The helmets are born on the second floor, which features the new research and development wing. It’s covered with drills, drawings and model-making materials, looking like a cross between a scientist’s lab and a child’s playroom. The crown jewels are two 3-D printers.
A team of designers have tablets and computer-assisted drawing programs, but pencil and paper is the quickest sketching method, said Jesse Newman, senior developer for headgear. They consult with scientists and doctors, including ophthalmologists on what facemask colors dilate players’ eyes.

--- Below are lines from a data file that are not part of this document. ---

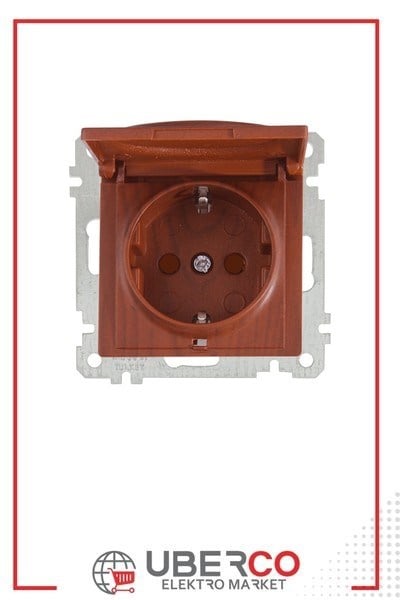 2100 611 0256Candela Mek+Tuş Kapaklı Topraklı Priz Çocuk Korumalı - KirazCandela Mek+Tuş Kapaklı Topraklı Priz Çocuk Korumalı - Kiraz{ubercoelektromarket}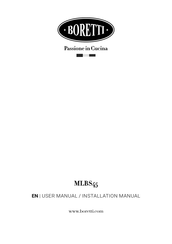 BORETTI MLBS45 User Manual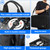 ITHWIU Padded DJ Controller Case for DDJ FLX4, DDJ SB SB3 400 RB, Hercules DJ Control Inpulse 300, L 20.5 X W 12.5 X H 2.75 inches, Black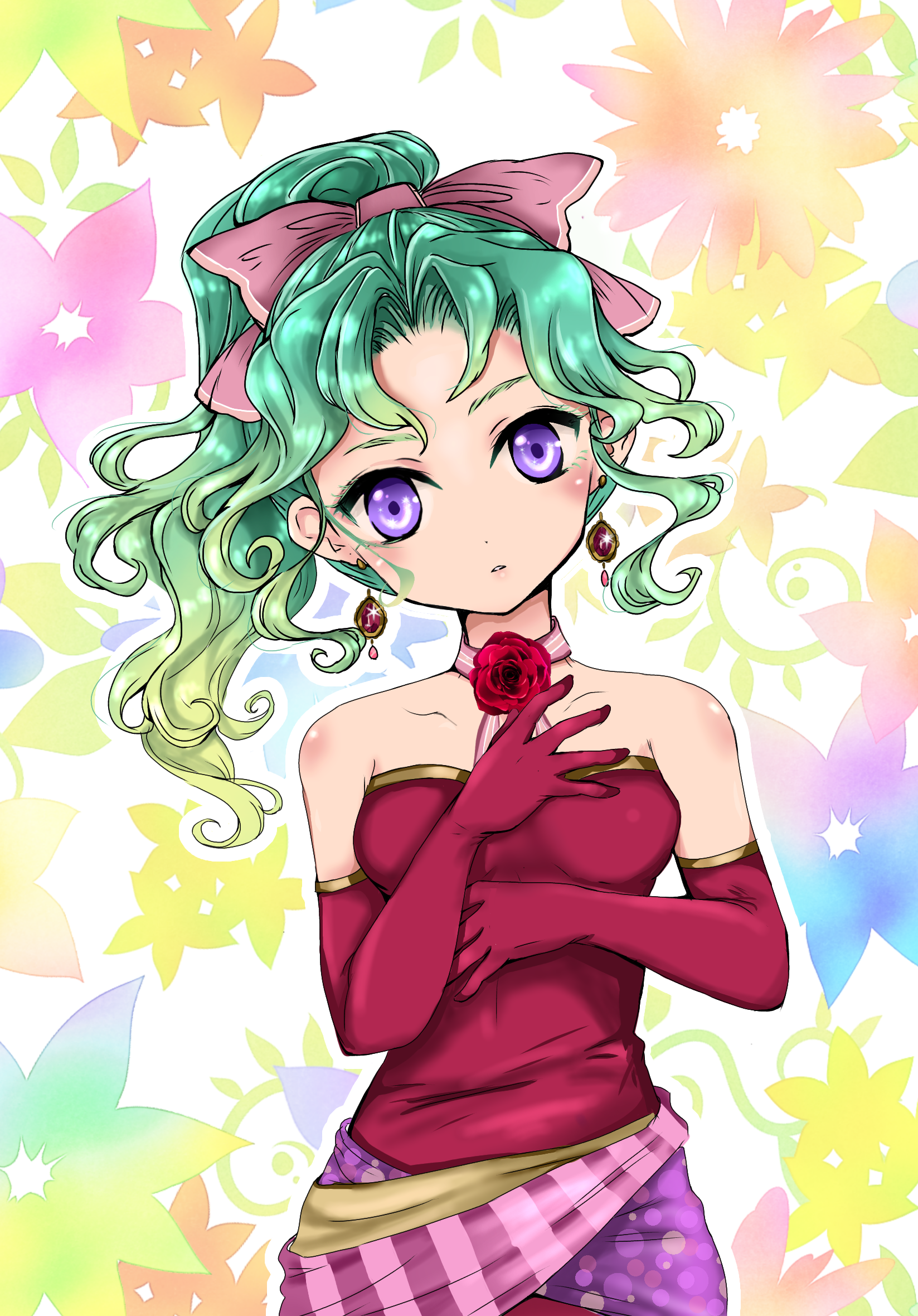 ティナ・ブランフォード - ibisPaint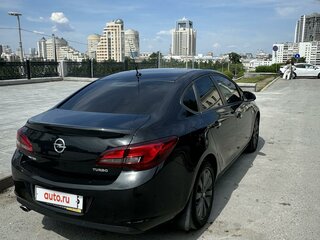 2013 Opel Astra J Рестайлинг, чёрный, 1000000 рублей, вид 5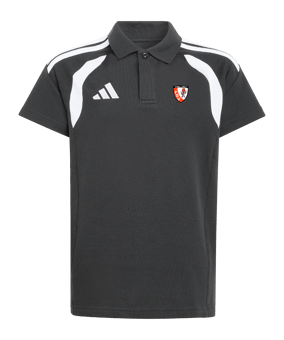 adidas Tiro 26 League Polo Kids Schwarz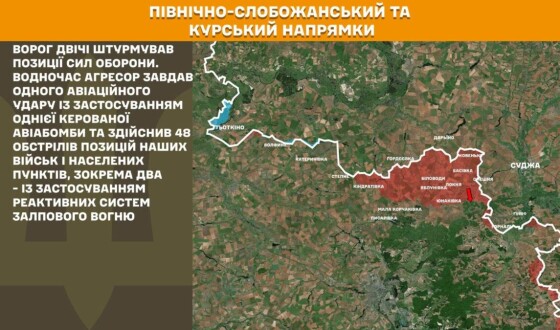 Оперативна інформація Генштабу ЗСУ станом на 08:00 06.07.2026 щодо російського вторгнення
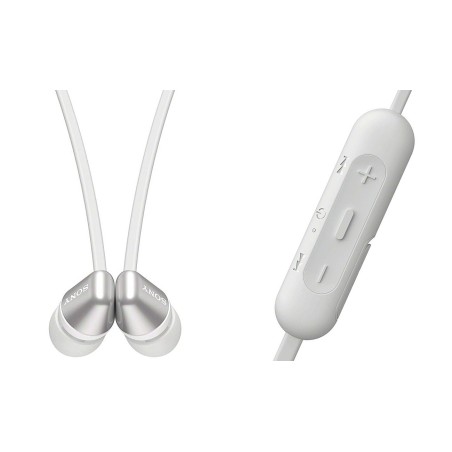 Slušalke SONY WIC310W, bele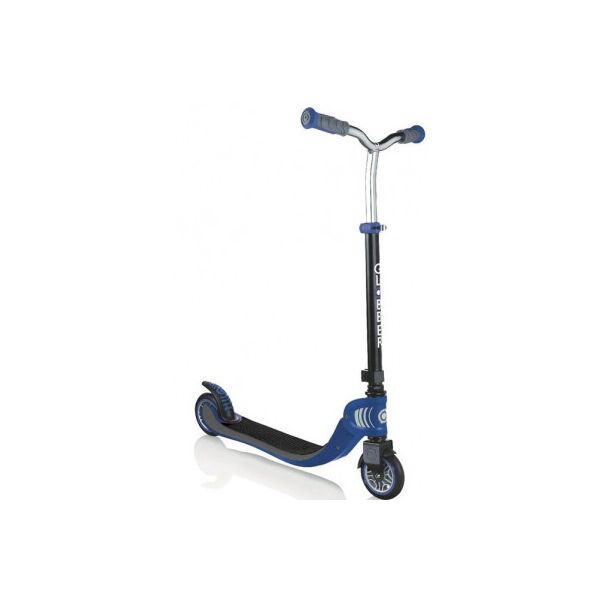 

Самокат Globber Flow Foldable 125 черно-синий (473-100)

A large glass window on the first floor reveals Cascade’s in-house testing facility, which tests the compliance with safety standards. Two impact-testing rigs look like medieval guillotines, but head forms suspended in the air, waiting to be dropped onto a padded anvil below, stand in for the blades.
Each head is filled with a triaxial accelerometer and microchips to measure the force of impact. The helmets, sometimes heated or chilled beforehand, are dropped from heights of two, four and six feet in six different head positions. There’s even a modified, spring-loaded pitching machine that tests the impact of slashes.
Cascade’s ball cannon that tests how the helmet and headgear withstand shots used to look like a potato gun. Now, it more closely resembles a high-powered rifle, firing into a cage with another mounted head. A high-speed camera records the impact of the ball with the helmet. Each head form’s face is even painted white to see if the inside of the helmet touches the face.
The large drops test the effectiveness of Cascade’s Seven Technology liner system, which is a series of small cylindrical tubes that compress and bulge out laterally on impact to absorb high-energy hits. It took about four or five years from inception to production and went through more than 100 variations of the design that’s now inside its top model of helmets.
The two-foot drops test the Poron XRD, which is a soft material that makes direct contact with the head, providing comfort and absorbing low-energy impacts. Each men’s helmet has to withstand a 70-mph shot and a 60-inch drop.
“We could make an incredibly stiff helmet and it will score great in the lab, but it would be like wearing a brick on your head,” Moore said.